Imaging Informatics: Time for a Chat?
By Dave Yeager
Vol. 18 No. 5 P. 10
Questions often arise about the most appropriate imaging test for a patient's clinical considerations, and more than one physician has probably wished at some point that he or she could text a friend and get a quick answer. Thanks to researchers at UCLA, that day may be coming sooner than people realize. At the Society of Interventional Radiology's (SIR) Annual Meeting, the UCLA researchers unveiled an artificial intelligence-based IR chatbot that can provide advice to health care providers about the most appropriate imaging tests and procedures.
Not sure what a chatbot is? In the UCLA iteration, it's basically a computer-driven decision support tool that answers questions via text message. The answers may take several forms, including text, graphs, links to websites or custom programs, or referrals to a human source.
To provide answers to the most commonly asked IR-related questions, the researchers surveyed approximately 100 physicians for feedback about what they need to know and what they find most helpful in their interactions with radiologists. Kevin Seals, MD, a third-year resident in diagnostic radiology at UCLA Health and the chatbot's programmer and lead developer, says the chatbot doesn't provide interpretation-based information; it provides answers to questions in a way that's similar to a radiologist.
"We wanted to create something that our [point-of-care] clinician colleagues would really love," Seals says. "So, using that approach, we identified the steps that clinicians care about, and everything else sort of flowed from there as to what our users are looking for."
The Tip of the Trend
The chatbot runs on a neural computing network that uses deep learning algorithms. Although he experimented with a few different algorithms, Seals chose IBM's Watson application program interface because it's well established, easy to use, and worked well in preliminary testing. A large database is used to train the chatbot, which "learns" and becomes increasingly accurate as it's exposed to more data. Seals says the chatbot is approaching near-perfect accuracy on many common questions but is still being trained to answer questions that are more clinically vague. He expects the chatbot's accuracy to continuously improve as the project scales up to include all of UCLA and, eventually, other institutions.
"The only thing separating us from our current level of performance and completely perfect performance is, essentially, more training data to make a smarter neural network," Seals says. "We've got a very strong and powerful foundation that will get better and better as people use it more."
Seals describes the chatbot as a highly sophisticated search engine that presents up-to-date, evidence-based information. Users can type or use the voice function on their iPhone to ask questions. A team of academic radiologists has reviewed user questions and curated the responses based on high-quality data that are supported by radiology literature. The most common ones relate to recommended imaging or IR procedures for specific clinical conditions or contraindications for specific exams, such as whether a patient with a reduced level of kidney function can get a study with contrast or a patient with a metallic implant can get an MRI. Seals says the physician survey identified a wide range of potential questions that have been addressed.
Edward W. Lee, MD, PhD, MSc, an assistant professor of radiology in the IR division at UCLA's David Geffen School of Medicine and a coauthor of the SIR study, says the project benefits the IR community in two ways. First, it is the first deep learning-based process that is being implemented for IR. While health care is still in the dawn of the deep learning revolution, he believes that there will be numerous opportunities to expand the scope of the chatbot application.

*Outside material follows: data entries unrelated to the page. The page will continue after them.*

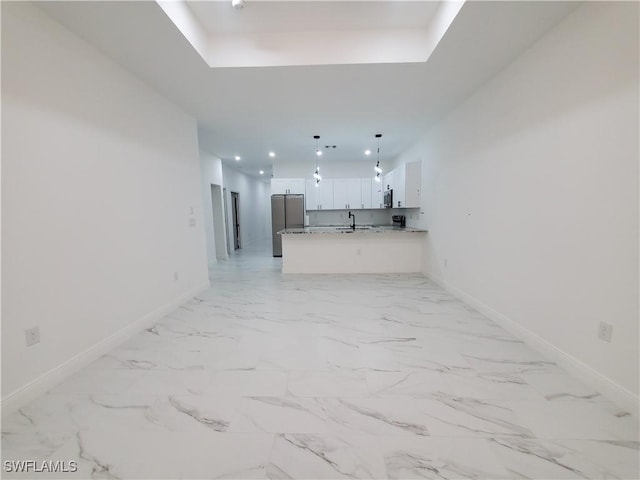 kitchen with open floor plan, white cabinets, freestanding refrigerator, and baseboards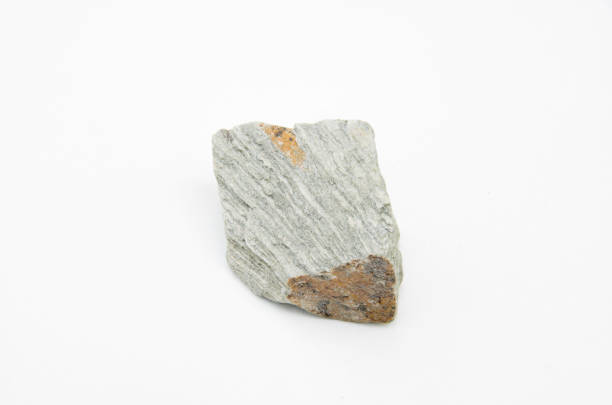 extreme close up with a lot of details of phyllite rock isolated over white background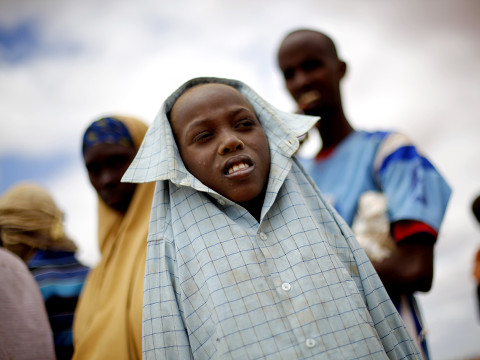 Somali children stand at the burial of 12-month-old Liin Muhumed Surow at UNHCR's Ifo Extention camp outside Dadaab, Eastern Kenya, 100 kms (60 miles) from the Somali border, August 6, 2011 (Credit: AP Photo/Jerome Delay)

"This app transmits vitally important information that needs to be communicated between radiology and other physicians in the hospital," Lee says. "And it really saves us time to perform better patient care."

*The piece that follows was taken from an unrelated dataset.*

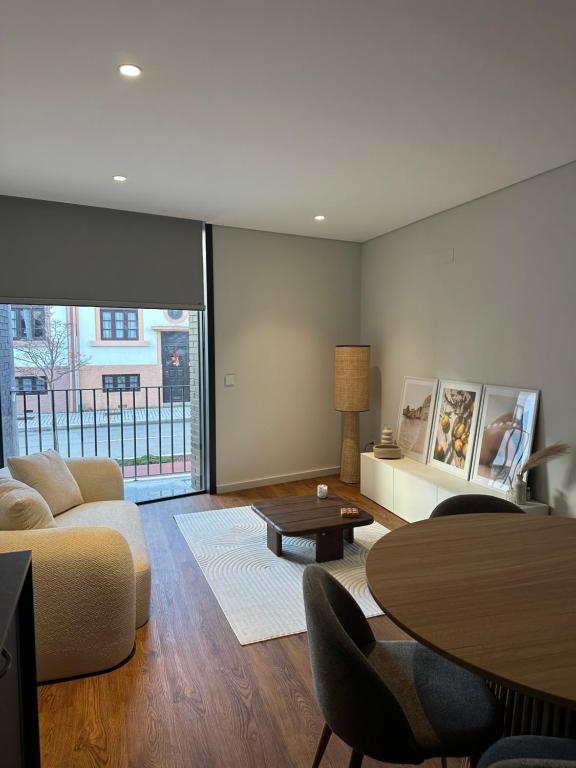 a living room with a couch and a table at Premium T1 - Sea & Coast in Espinho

The second benefit is that the chatbot supports recent trends in IR. Lee says IR has historically been referral based, but it is becoming a more clinically oriented subspecialty with dedicated residencies and a greater degree of involvement with hospitals as clinical faculty.
The chatbot will initially be available as an app on iPhones, but Seals envisions eventually expanding its availability to chatbot stores such as those run by Facebook, Kik, Slack, and WhatsApp. Because it draws on well-established clinical guidelines, he doesn't expect significant FDA delays when he and his colleagues decide to make it available outside of their medical system, but that isn't yet in the works. For now, they are refining the chatbot with their test users in anticipation of releasing it UCLA-wide in the near future. Seals, however, sees more possibilities on the horizon.
"Right now, it's a radiology/interventional radiology chatbot, but, at the same time, we've created a kind of foundational technology that can be used to create any sort of medical subspecialist chatbot. It's not just this radiology chatbot, it's a framework or a platform for creating other things," Seals says. "Any other clinical specialty can be turned into a chatbot using the technology we've created. That would be really easy to do, and that will be one of our next steps, as well."— Dave Yeager is the editor of Radiology Today.